By Kerstin Nordstrom

RESEARCH TRIANGLE PARK The Energy Department has awarded a $4.8 million grant to RTI International, Duke University and a Cary company to develop an energy-efficient wastewater treatment process for industry.

The partners will spend the next three years taking a technology that works in a laboratory and try to show it can work on an industrial scale. U.S. Rep. David Price publicized the federal grant in a town hall-style meeting Tuesday at RTI, a nonprofit research organization based at Research Triangle Park.

The technology could reduce the energy needed to treat wastewater in two ways.

First, it uses waste heat to partially power the water-treatment cycle. Industries produce lots of excess heat that is often not recycled.

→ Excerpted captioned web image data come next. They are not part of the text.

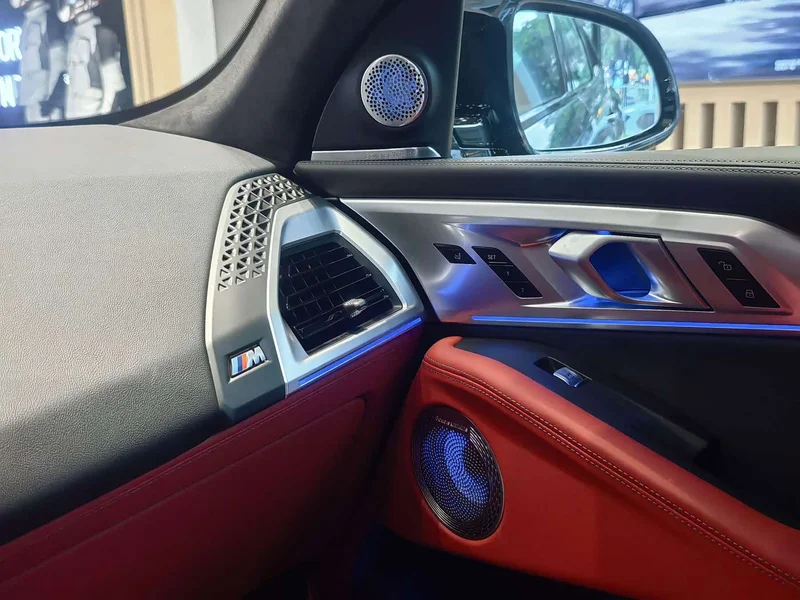 BMW XM — фото 8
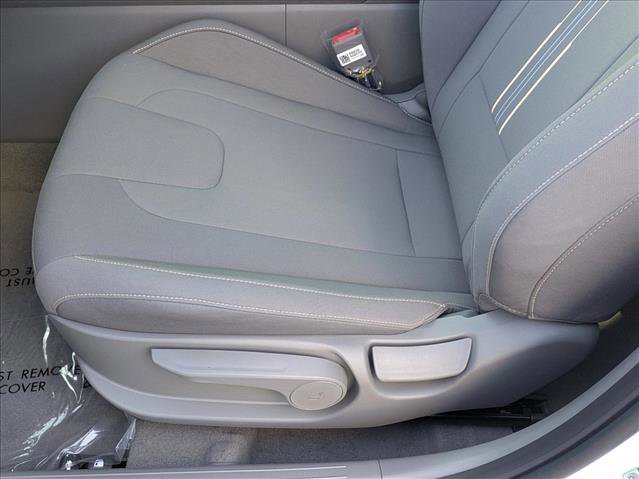 New 2026 Hyundai Elantra SEL Sport Premium image 4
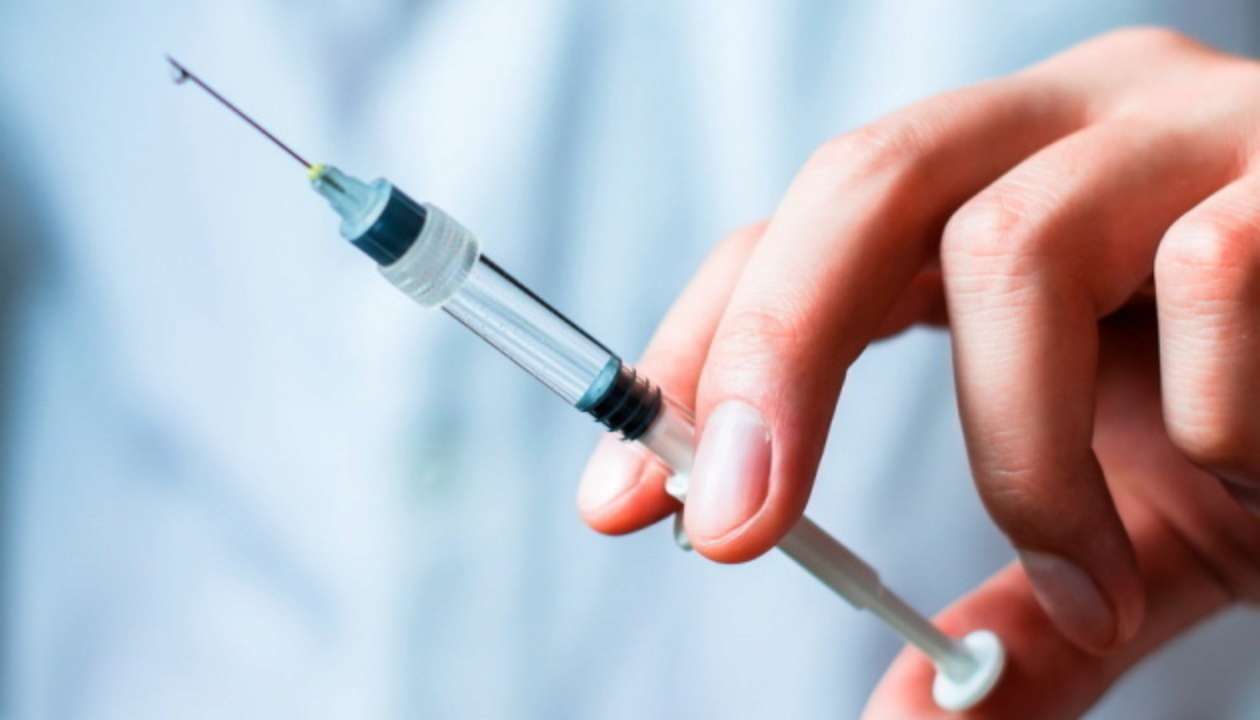Более 10 миллионов британцев получили первую дозу вакцины от коронавируса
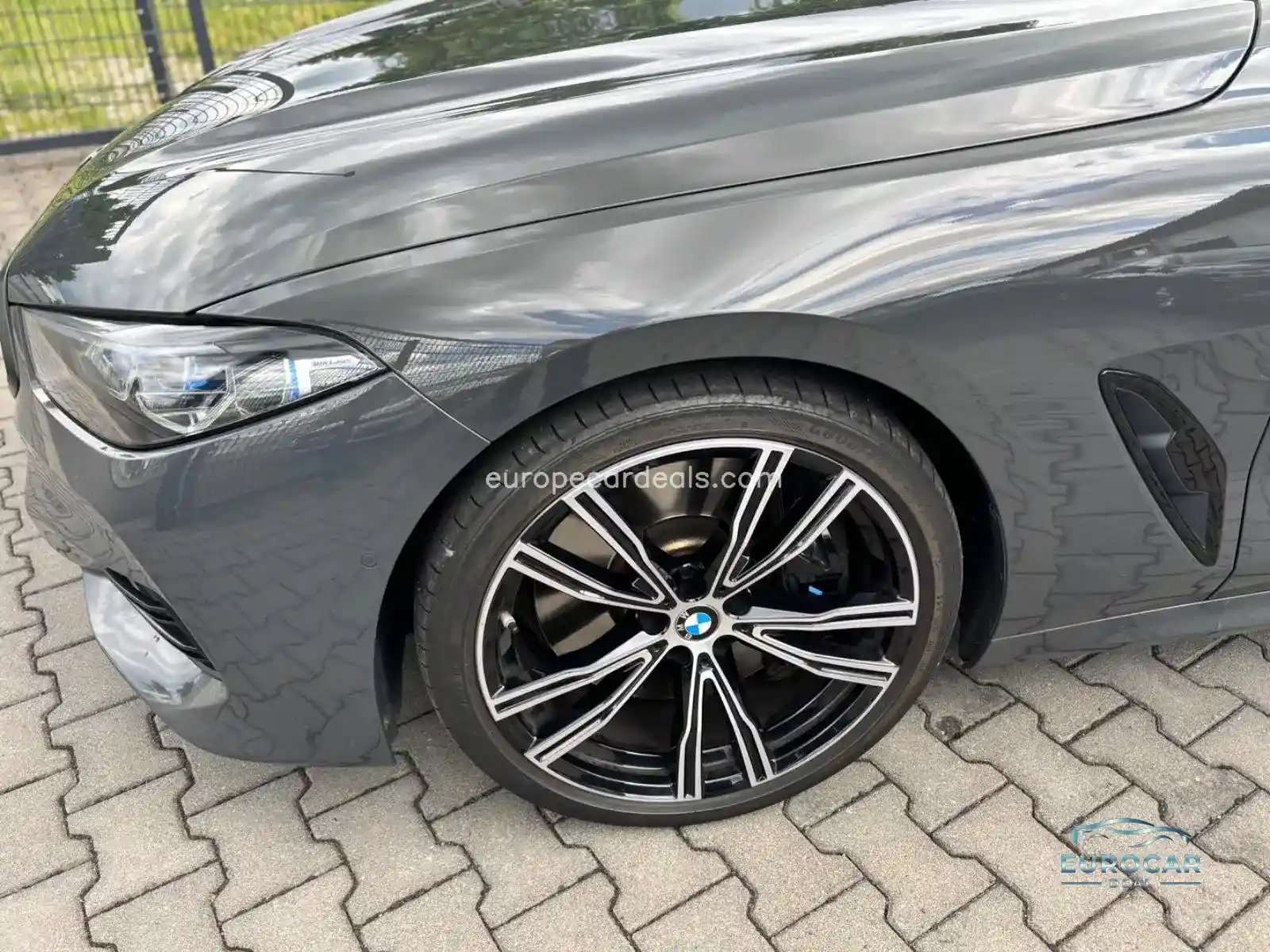 BMW 840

Second, the technology uses a "forward osmosis" process, as opposed to the typical "reverse" process that requires intense mechanical pumping of water through a filter.

Combined, these two features are expected to decrease the electrical energy needed by more than 90 percent.

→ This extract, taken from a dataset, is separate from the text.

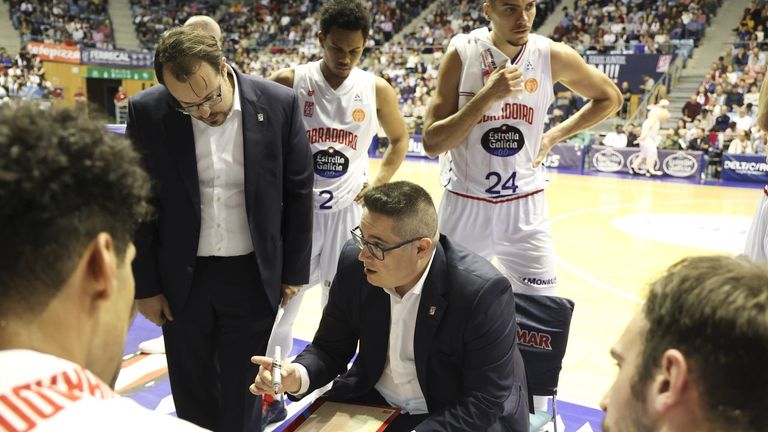 Epi y uno de sus ayudantes, Fran Hern�ndez, en un tiempo muerto del derbi ante el COB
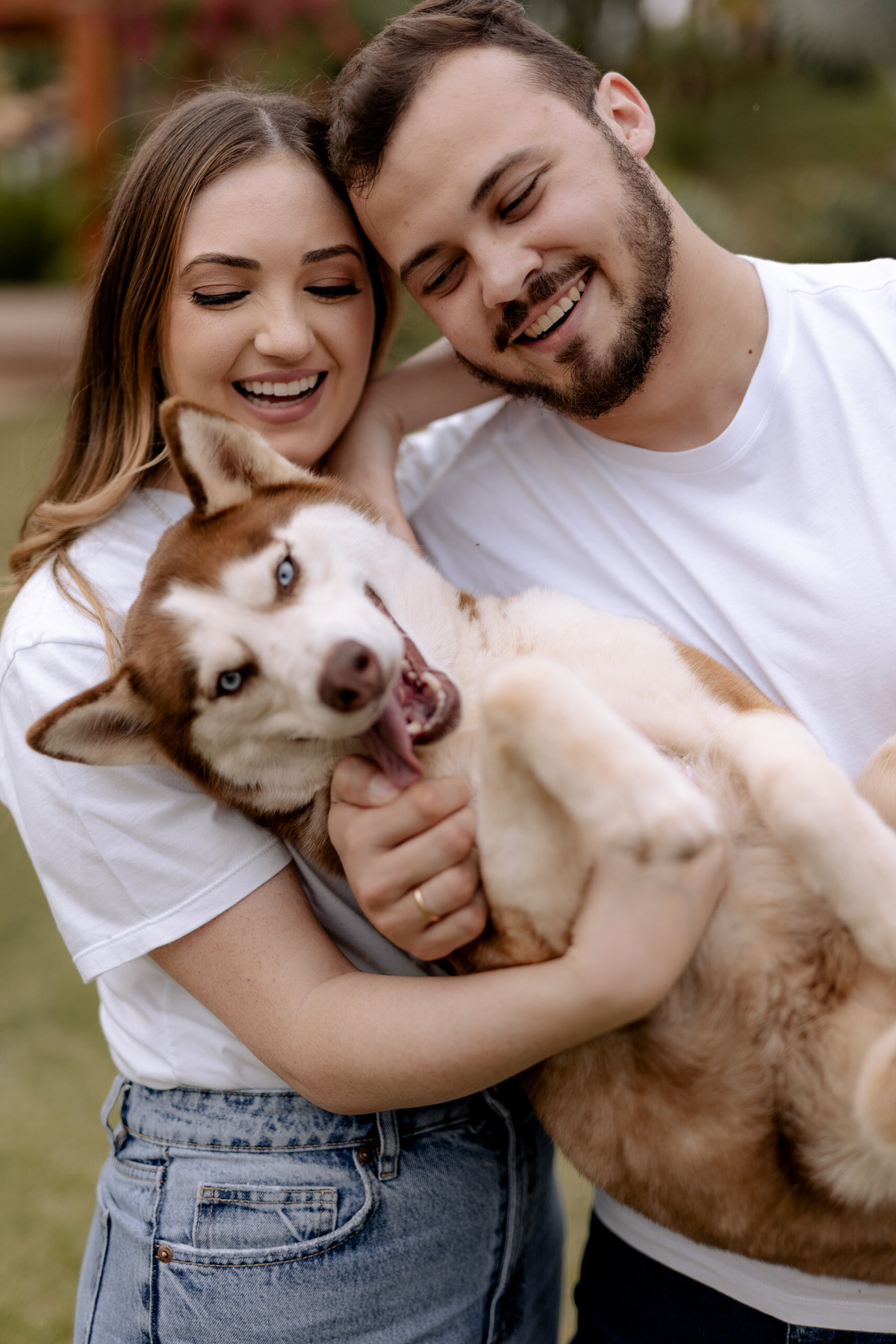 ensaio de casal no campo com cachorro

At RTI, Price, a Democrat, reminisced about how he had helped bring government water reuse dollars to the Triangle "before earmarks were a dirty word." He emphasized that North Carolina faces water supply issues, and said he hopes this grant helps.

RTI gave Price a tour of several laboratories. In the forensic science lab, Peter Stout demonstrated how money can be tested for the presence of drugs using a mass spectrometer. "All dollar bills have cocaine on them," said Stout, laughing but completely serious.

Across the building in the energy lab, chemist Dave Dayton described "cooking wood" with metal oxides to create biofuels, a method more efficient than conventional yeast-based ethanol production. The lab tour concluded with a presentation by James Cunningham, head of the grant-winning project for wastewater treatment.

The grant to RTI, Duke and Veolia Water, an international company with offices in Cary, was one of 13 that the U.S. Department of Energy awarded this week as part of a larger initiative to work with private companies to improve energy use in the U.S.